PROBLEM REQUIREMENTS
Give back exactly the lines of the entries below from the line with "Kitchen & Dining" to the line with "南風泊の風景 下関市,路地,道の写真素材", inclusive, and only those.

RECORDS FOR THE TASK START

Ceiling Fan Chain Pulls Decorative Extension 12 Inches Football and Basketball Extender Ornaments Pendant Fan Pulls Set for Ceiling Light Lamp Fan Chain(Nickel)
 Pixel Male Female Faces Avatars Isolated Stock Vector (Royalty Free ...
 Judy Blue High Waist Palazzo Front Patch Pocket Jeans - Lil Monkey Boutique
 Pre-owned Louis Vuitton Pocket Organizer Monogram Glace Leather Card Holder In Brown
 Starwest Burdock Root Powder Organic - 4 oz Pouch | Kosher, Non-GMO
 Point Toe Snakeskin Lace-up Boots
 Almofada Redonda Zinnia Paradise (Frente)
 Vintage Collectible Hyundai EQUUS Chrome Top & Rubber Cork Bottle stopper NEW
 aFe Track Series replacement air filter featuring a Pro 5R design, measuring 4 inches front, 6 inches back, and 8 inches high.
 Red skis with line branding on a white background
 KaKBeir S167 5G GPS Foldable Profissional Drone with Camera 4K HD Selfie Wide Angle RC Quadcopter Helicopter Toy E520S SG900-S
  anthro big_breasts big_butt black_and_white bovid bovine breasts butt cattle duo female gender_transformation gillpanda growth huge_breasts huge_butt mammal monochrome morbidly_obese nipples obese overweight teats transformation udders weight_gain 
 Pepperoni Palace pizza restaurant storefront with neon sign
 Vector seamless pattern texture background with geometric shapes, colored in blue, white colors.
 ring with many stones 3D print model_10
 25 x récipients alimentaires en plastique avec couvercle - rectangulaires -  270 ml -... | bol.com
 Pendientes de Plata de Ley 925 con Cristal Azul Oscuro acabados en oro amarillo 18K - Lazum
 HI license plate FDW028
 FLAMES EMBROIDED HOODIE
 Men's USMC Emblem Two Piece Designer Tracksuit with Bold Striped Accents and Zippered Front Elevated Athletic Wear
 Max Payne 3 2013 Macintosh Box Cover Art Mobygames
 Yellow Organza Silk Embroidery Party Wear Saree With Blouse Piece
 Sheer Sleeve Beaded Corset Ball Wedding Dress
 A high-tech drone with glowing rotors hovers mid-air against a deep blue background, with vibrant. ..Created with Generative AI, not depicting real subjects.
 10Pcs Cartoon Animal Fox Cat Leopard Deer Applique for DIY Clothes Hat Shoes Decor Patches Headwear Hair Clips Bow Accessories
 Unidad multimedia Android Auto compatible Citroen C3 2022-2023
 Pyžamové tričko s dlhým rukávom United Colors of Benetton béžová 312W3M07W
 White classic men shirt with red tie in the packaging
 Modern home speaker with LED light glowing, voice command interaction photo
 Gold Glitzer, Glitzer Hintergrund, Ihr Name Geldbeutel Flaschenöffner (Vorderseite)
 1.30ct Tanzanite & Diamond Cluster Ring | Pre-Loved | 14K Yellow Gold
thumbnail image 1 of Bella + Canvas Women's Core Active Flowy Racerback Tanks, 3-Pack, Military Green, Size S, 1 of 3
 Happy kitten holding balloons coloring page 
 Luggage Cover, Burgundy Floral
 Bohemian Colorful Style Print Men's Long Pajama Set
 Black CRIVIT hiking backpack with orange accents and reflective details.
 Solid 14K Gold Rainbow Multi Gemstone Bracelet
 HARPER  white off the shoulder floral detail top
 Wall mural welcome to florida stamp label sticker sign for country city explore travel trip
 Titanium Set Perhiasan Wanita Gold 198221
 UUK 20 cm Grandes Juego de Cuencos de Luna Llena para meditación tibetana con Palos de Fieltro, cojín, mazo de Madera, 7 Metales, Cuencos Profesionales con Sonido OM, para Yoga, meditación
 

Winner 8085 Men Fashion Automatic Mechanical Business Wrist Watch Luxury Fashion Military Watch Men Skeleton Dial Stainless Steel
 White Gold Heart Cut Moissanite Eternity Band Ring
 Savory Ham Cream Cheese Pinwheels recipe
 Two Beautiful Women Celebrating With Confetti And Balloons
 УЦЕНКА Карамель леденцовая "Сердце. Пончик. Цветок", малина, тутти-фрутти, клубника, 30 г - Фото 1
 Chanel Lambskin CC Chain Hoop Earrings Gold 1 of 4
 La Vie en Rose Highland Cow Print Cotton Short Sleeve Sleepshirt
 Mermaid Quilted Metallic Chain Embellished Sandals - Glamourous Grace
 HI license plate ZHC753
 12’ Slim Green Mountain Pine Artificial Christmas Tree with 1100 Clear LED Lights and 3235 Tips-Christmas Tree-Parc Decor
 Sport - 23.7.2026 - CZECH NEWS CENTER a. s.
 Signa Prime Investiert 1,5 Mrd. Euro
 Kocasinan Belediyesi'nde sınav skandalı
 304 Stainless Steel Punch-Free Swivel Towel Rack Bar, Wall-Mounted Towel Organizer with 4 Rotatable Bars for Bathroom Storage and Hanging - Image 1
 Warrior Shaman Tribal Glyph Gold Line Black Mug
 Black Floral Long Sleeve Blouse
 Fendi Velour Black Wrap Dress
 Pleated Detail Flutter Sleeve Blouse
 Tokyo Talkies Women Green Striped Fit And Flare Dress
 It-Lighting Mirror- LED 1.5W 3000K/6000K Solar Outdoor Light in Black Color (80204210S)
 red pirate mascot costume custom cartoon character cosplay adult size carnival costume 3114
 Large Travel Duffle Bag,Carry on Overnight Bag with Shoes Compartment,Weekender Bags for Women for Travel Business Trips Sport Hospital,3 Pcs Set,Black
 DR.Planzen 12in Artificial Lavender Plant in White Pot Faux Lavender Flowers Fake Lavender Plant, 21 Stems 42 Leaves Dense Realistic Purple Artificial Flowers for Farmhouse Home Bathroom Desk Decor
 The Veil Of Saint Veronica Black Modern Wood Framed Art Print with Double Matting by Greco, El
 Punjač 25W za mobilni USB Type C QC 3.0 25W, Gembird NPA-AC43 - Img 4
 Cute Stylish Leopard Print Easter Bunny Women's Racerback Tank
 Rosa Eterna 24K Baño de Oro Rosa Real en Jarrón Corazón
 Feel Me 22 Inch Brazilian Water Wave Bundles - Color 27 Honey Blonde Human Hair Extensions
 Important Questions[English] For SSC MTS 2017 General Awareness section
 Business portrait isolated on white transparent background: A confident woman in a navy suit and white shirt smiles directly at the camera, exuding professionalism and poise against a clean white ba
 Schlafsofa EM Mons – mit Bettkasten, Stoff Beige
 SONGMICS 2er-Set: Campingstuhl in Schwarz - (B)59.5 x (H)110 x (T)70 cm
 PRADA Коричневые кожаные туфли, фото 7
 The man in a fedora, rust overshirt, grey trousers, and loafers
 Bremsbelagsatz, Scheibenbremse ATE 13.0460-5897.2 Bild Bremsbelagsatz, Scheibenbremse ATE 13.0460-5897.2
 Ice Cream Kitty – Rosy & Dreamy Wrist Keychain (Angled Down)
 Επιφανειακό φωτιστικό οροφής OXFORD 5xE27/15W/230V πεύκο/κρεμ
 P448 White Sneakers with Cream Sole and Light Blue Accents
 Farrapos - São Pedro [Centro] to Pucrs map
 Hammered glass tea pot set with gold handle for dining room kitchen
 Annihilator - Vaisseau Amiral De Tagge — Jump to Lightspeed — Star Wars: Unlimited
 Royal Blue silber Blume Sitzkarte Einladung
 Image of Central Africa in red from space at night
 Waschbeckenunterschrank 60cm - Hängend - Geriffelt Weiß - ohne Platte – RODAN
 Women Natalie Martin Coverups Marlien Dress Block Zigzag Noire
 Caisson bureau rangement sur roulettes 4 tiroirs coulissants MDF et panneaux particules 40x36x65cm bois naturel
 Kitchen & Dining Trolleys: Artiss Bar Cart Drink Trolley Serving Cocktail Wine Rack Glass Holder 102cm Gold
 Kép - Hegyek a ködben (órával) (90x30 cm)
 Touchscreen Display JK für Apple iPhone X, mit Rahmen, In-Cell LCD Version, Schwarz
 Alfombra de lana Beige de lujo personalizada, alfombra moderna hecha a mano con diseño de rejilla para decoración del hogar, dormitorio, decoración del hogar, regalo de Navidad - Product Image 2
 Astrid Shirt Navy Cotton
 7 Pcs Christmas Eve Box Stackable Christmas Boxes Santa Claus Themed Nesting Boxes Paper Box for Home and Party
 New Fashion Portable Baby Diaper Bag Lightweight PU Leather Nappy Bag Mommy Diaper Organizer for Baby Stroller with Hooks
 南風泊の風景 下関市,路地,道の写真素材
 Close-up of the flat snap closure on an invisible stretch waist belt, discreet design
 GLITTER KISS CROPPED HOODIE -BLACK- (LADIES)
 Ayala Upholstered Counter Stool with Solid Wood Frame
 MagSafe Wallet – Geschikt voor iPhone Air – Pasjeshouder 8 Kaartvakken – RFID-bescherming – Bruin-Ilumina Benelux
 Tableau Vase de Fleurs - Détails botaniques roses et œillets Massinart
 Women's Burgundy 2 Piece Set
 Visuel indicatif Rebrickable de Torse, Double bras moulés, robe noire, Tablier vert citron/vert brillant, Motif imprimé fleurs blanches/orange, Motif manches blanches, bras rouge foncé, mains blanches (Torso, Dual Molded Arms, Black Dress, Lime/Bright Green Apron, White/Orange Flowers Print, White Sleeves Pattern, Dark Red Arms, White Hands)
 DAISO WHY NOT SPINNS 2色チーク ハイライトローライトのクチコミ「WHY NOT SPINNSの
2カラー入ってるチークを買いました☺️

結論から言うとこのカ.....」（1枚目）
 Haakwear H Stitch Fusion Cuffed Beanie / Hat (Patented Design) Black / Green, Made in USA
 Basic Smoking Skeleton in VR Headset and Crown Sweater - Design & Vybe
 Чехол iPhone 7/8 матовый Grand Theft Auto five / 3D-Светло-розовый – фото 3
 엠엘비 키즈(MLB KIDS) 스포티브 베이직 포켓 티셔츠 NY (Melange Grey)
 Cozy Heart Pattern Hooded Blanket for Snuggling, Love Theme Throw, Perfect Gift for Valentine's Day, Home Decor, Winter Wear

RECORDS FOR THE TASK END

OUTPUT OF THE EXERCISE
 Kitchen & Dining Trolleys: Artiss Bar Cart Drink Trolley Serving Cocktail Wine Rack Glass Holder 102cm Gold
 Kép - Hegyek a ködben (órával) (90x30 cm)
 Touchscreen Display JK für Apple iPhone X, mit Rahmen, In-Cell LCD Version, Schwarz
 Alfombra de lana Beige de lujo personalizada, alfombra moderna hecha a mano con diseño de rejilla para decoración del hogar, dormitorio, decoración del hogar, regalo de Navidad - Product Image 2
 Astrid Shirt Navy Cotton
 7 Pcs Christmas Eve Box Stackable Christmas Boxes Santa Claus Themed Nesting Boxes Paper Box for Home and Party
 New Fashion Portable Baby Diaper Bag Lightweight PU Leather Nappy Bag Mommy Diaper Organizer for Baby Stroller with Hooks
 南風泊の風景 下関市,路地,道の写真素材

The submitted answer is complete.